A black photo album embossed with the name of the Minnessee Coal & Timber Company, which operated in Cumberland County, TN around the turn of the 20th century. The album contains 15 linen-backed photographs from the business’s property, showing both its mining and timber operations in “Isoline, Tenn.” No record of Isoline exists that we could find, which suggests that it was an informal community rather than an incorporated locale.
The richly-detailed photographs are credited to commercial photographer W. Frank Jones of Indianapolis. . Particularly striking is a photograph from inside the mine, taken at a junction where the tunnel splits off in two directions. Seven men are shown hard at work, with crouched posture and weary body language. The remainder of the images show the mines, management, coal house, and lumber yards, including a two-panel panorama.
Towards the back of the album are a series of letter copies, including one photographic reproduction and several typed copies.

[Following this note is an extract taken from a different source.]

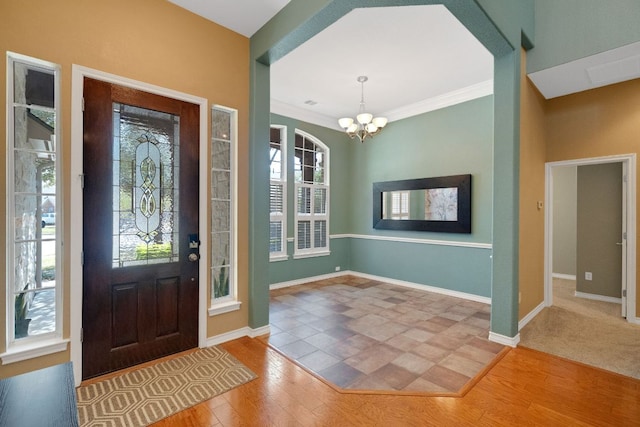 foyer entrance featuring a chandelier, wood finished floors, baseboards, and crown molding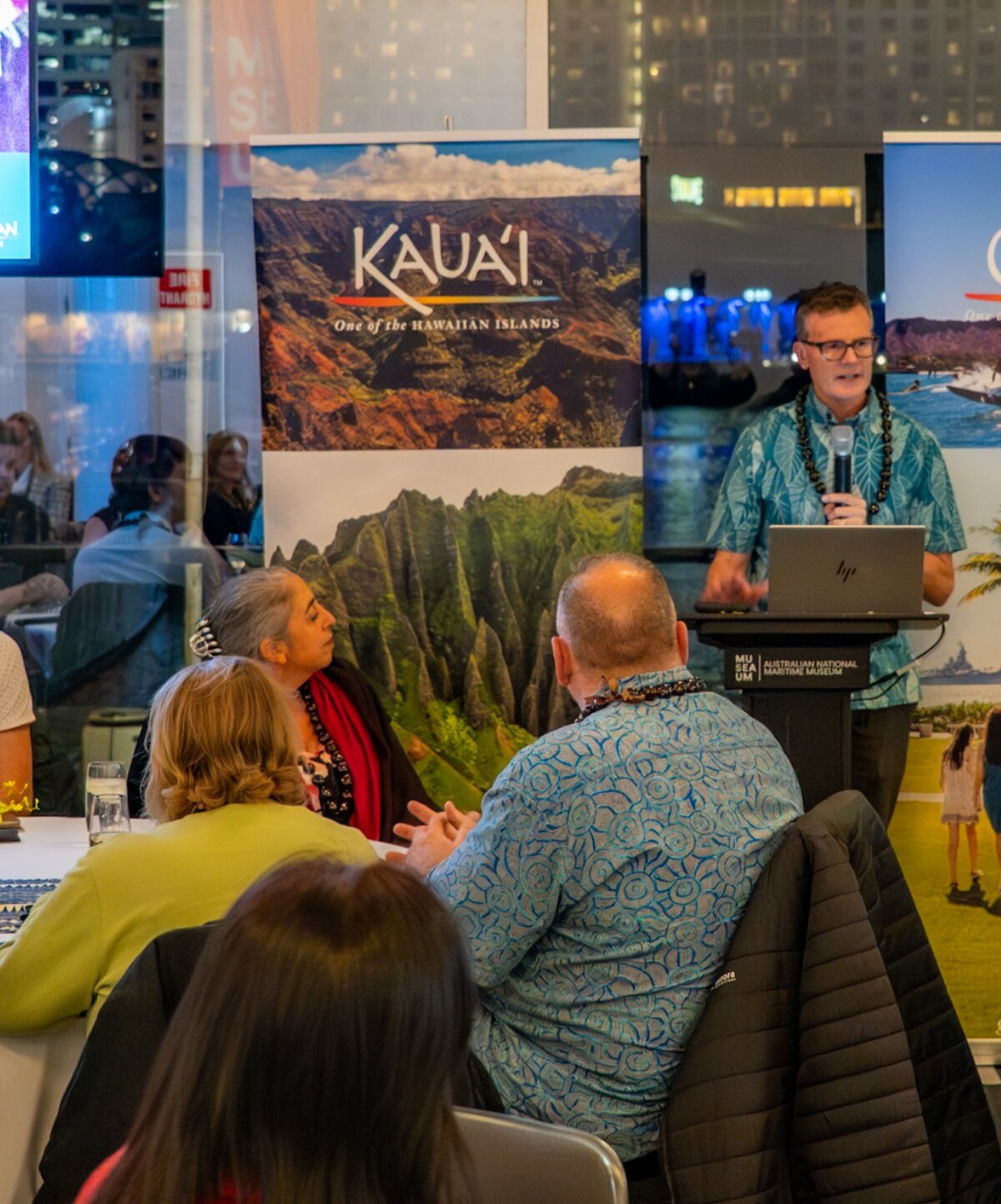 A presenter stands at a podium with a laptop, speaking to an audience seated at tables. Behind him are banners for "Kauai" and "Oahu", both described as "One of the Hawaiian Islands".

These letters concern the operation of the mine, including one letter addressed to Tennessee State Senator E. N. Haston, and several letters addressed to E. P. Floren of Indianapolis from investors discussing their eagerness to partake in the venture. “I have taken advantage of a short vacation to visit the mining properties, in which I invested money in a few weeks ago, and just returned yesterday. / I am very well satisfied,” reads a letter dated July 31st, 1920.
Coal mining in Tennessee did not take off as an industry until after the conclusion of the Civil War. The U.S. Census in 1840 reported only two coal producers in the state, but by 1890, Tennessee had become the thirteenth largest producer of coal in the country. The Tennessee Department of Environment & Conservation describes Tennessee’s modern day coal production as “small but generally high quality.”